Kein Automatismus, aber klare Folgen
Das Präventionsverfahren bleibt zentral, sobald das KSchG greift. Es konkretisiert Verhältnismäßigkeit und kann Darlegungslasten beeinflussen. Unterbleibt es nach Ablauf der Wartezeit, kann das im Streitfall zulasten des Arbeitgebers wirken. In der Wartezeit entfällt dieser Anknüpfungspunkt. Die Wirksamkeit einer Kündigung hängt dort nicht von einem Präventionsverfahren ab.

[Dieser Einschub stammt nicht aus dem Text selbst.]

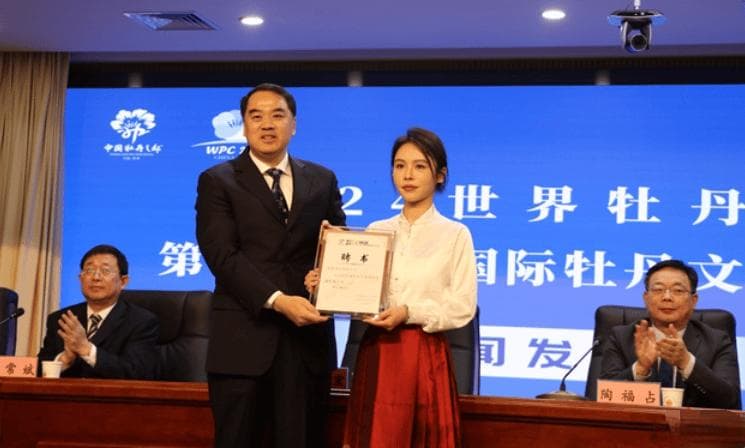 2024菏泽牡丹节要来了！在这里您可安心住 放心吃 舒心玩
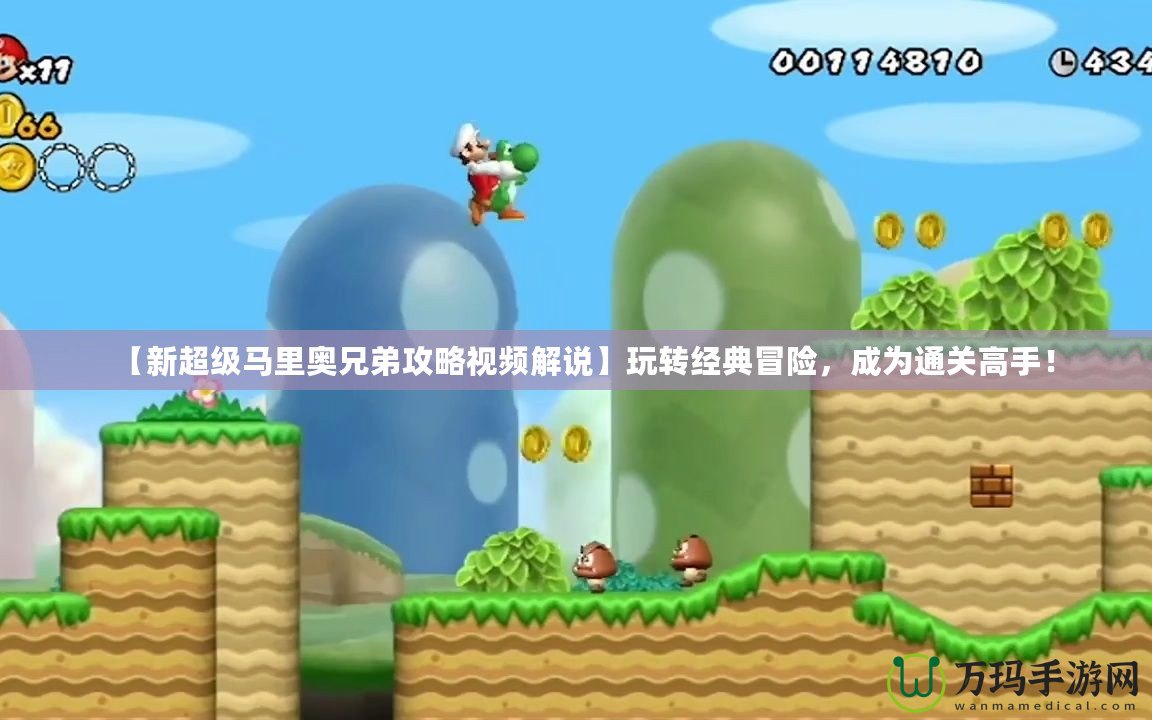 【新超級(jí)馬里奧兄弟攻略視頻解說(shuō)】玩轉(zhuǎn)經(jīng)典冒險(xiǎn)，成為通關(guān)高手！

Schutz bleibt: Diskriminierungsverbot und Vorkehrungen
Schwerbehinderte Menschen sind auch in der Wartezeit geschützt. Das Diskriminierungsverbot untersagt Nachteile wegen einer Behinderung. Arbeitgeber müssen angemessene Vorkehrungen treffen, soweit zumutbar. Dazu zählen praktikable Anpassungen des Arbeitsplatzes oder der Arbeitsorganisation.
Diese Pflichten gelten unabhängig vom KSchG. Sie verhindern keine Wartezeitkündigung per se. Sie untersagen aber Kündigungen mit Behinderungsbezug.
Was bedeutet das für Betroffene?
Erhalten Sie in den ersten sechs Monaten eine Kündigung, können Sie sich nicht auf ein fehlendes Präventionsverfahren stützen. Prüfen Sie stattdessen, ob ein Bezug zur Behinderung vorliegt. Suchen Sie rasch fachkundige Beratung. Dokumentieren Sie Gesprächsverläufe und Anfragen zu Anpassungen.
Verweisen Sie auf die Pflicht zu angemessenen Vorkehrungen. Achten Sie auf Fristen für eine Kündigungsschutzklage. Diese beträgt drei Wochen ab Zugang der Kündigung. Fristversäumnisse sind regelmäßig endgültig.
Einordnung für die Praxis
Die Entscheidung zieht eine klare Linie: Vor sechs Monaten kein Präventionsverfahren. Danach volle Reichweite des § 167 SGB IX. Im Kleinbetrieb gilt die gleiche Logik, solange das KSchG nicht greift. Das Diskriminierungsrecht bildet den Schutzrahmen in jeder Phase.
Für Betroffene bedeutet das: Rechte prüfen, Fristen wahren, Bezüge zur Behinderung belegen. Für Arbeitgeber gilt: Transparente Prozesse, saubere Dokumentation, rechtzeitige Prävention nach der Schwelle.